I work in an er that is very busy. I believe that 25% of our patients are very sick, and need to be admitted. Our hospital often gets overloaded, and we need to go on diversion of some type (critical care, medical, treat and release, etc.). We cannot refuse trauma, because we are a level two trauma center.
It seems that the hospitals goal for the er, is to see and tx and release or admit patients as quick as possible. We do a good job, and do not compromise patient safety. However, many times there seems to be a problem, moving these people when admitted. The SDU tells us that the bed assignment is inappropriate, or the patient doesn't belong there, or the patient doesn't need to come to this floor, why can't you send them here or there. or You guys are overloading us. Although I see their points on some occasions, it often seems like they just don't want the patient. The patients are what gives all of us our jobs. SDU has c/o ICU and CCU. The RNF c/o everyone, and everyone has c/o the er.
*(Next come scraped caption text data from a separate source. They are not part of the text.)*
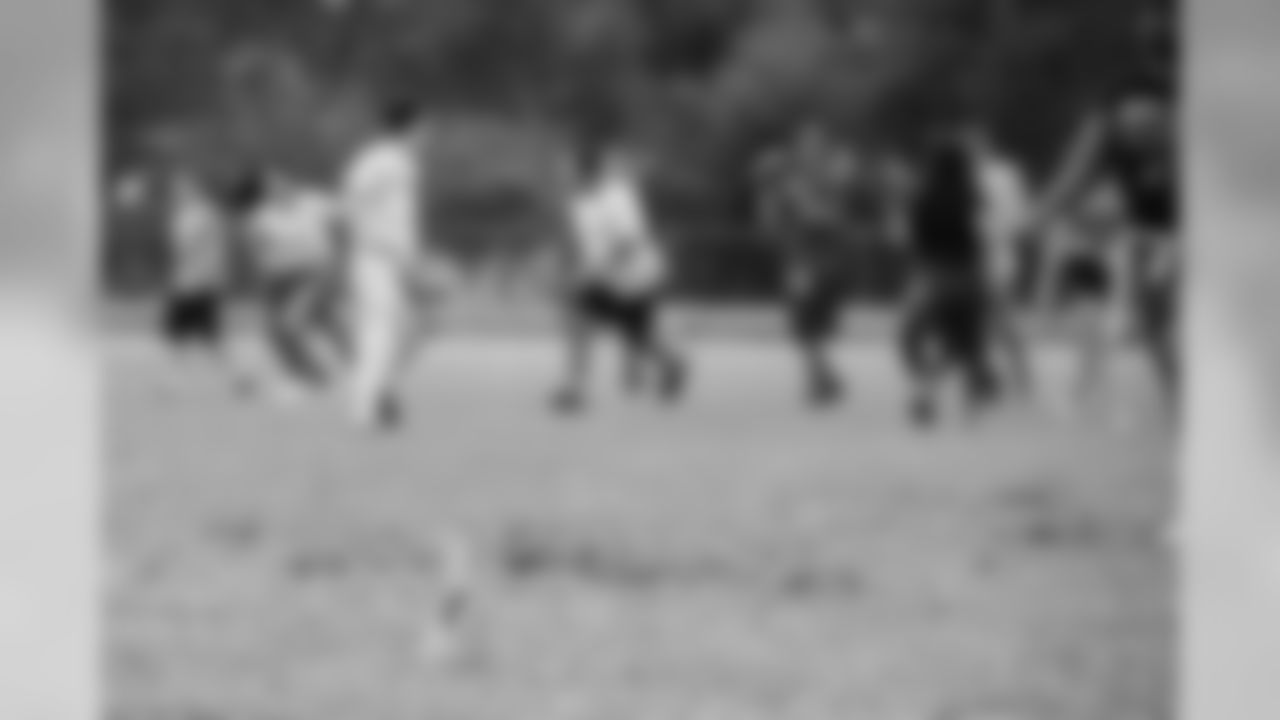 191108_TR_JrBucs_OakGroveMiddle_028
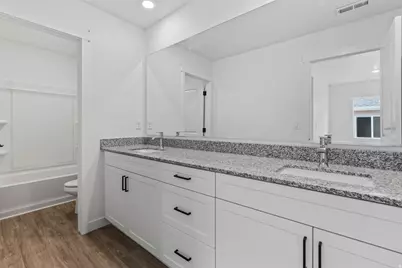 7283 Slick Rock Way N, Eagle Mountain, UT 84005 - Photo 21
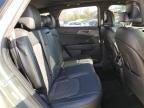 Bridgeton, MO에서 판매 중인 2024 Kia Sportage X Line - Front End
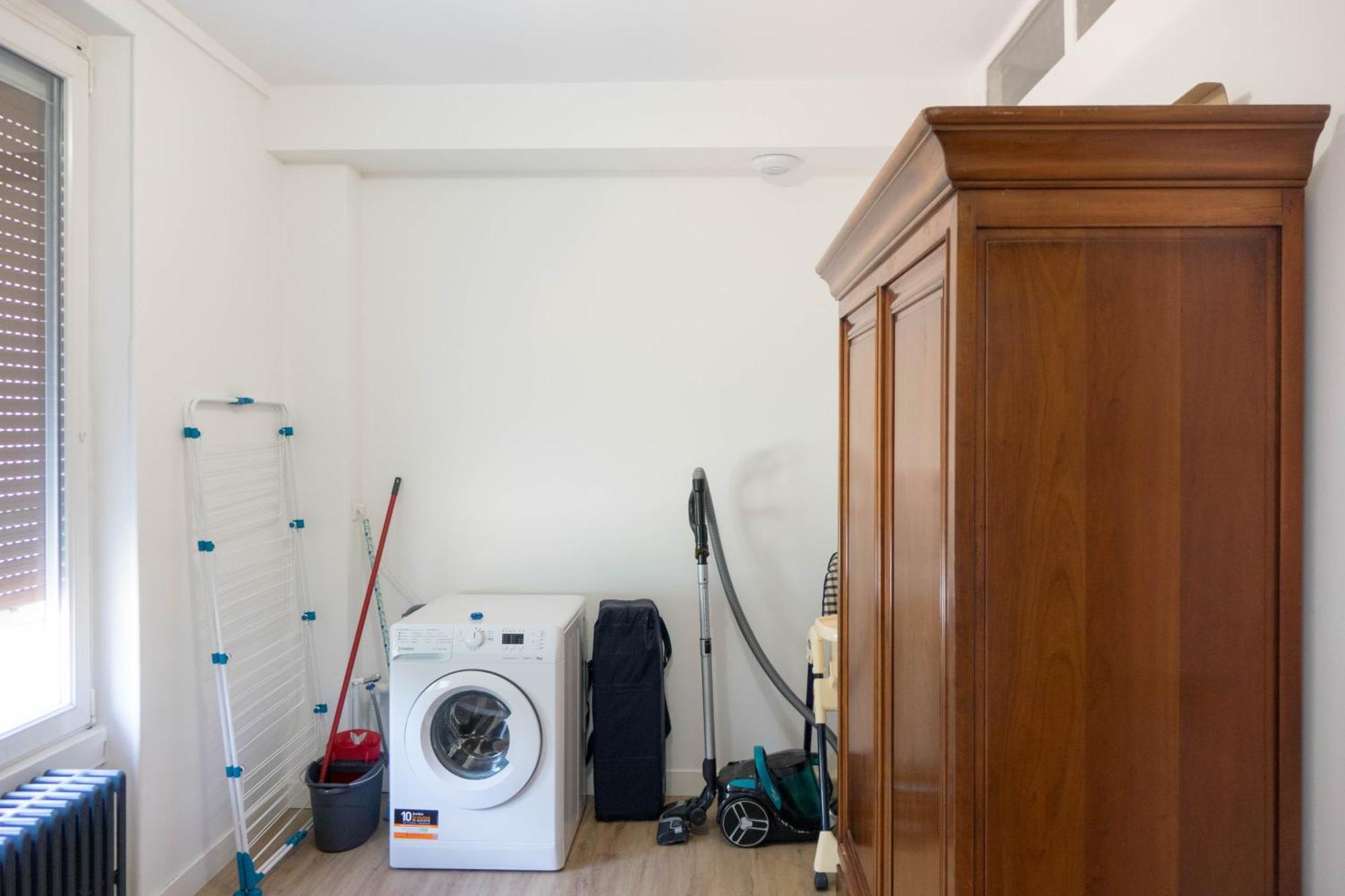 Orleans - Maison De Ville Haut De Gamme Au Calme - 4 Chambres Avec Garage - Proche De Toutes Les Commodites - La Maison D'A Cote Eksteriør billede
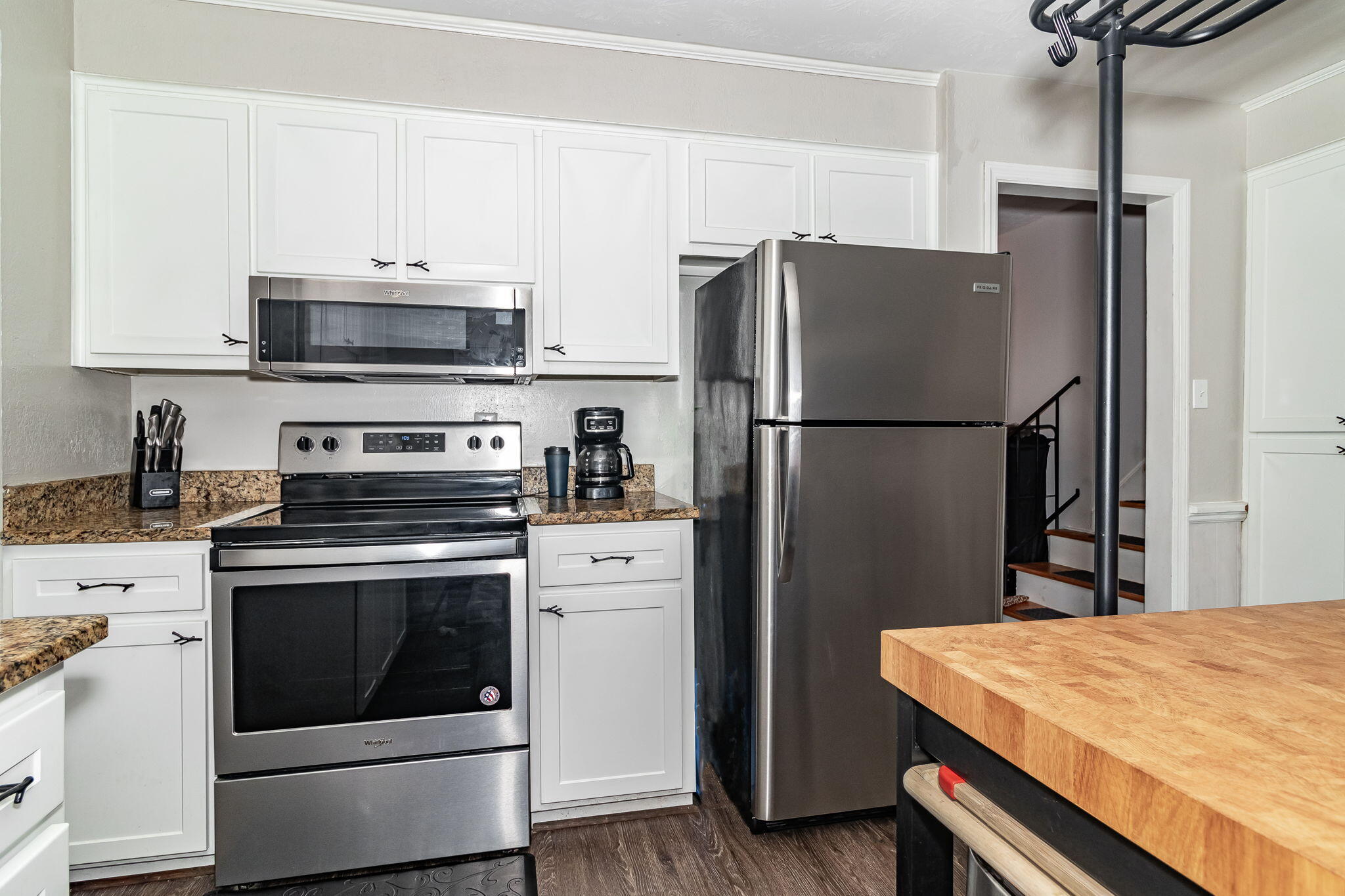 4456 WHISPERWOOD Drive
I clearly understand, that at times the job is stressful, and that everybody gets uptight. I clearly understand that not all the floors or units are staffed adequately. In the er we have the same situations at times. Often we are full, and have no beds, or monitored beds available for incoming squads, or walk in patients. This is when it is important for us to get a pt to their admitted room. We do not know what will come through the door next, or how bad it will be? Unlike the other floors and units, we cannot refuse patients, because of lack of space. If somebody is in extremes, we have to figure out a way to take care of them? It is frustrating to know that beds have been assigned in the hospital for patients, and not be able to give report or send the pt, because the room is not ready, or the nurse is busy.
In the end this causes a lot of Inter-unit controversy, instead everyone working together.
Any suggestions? or similar problems?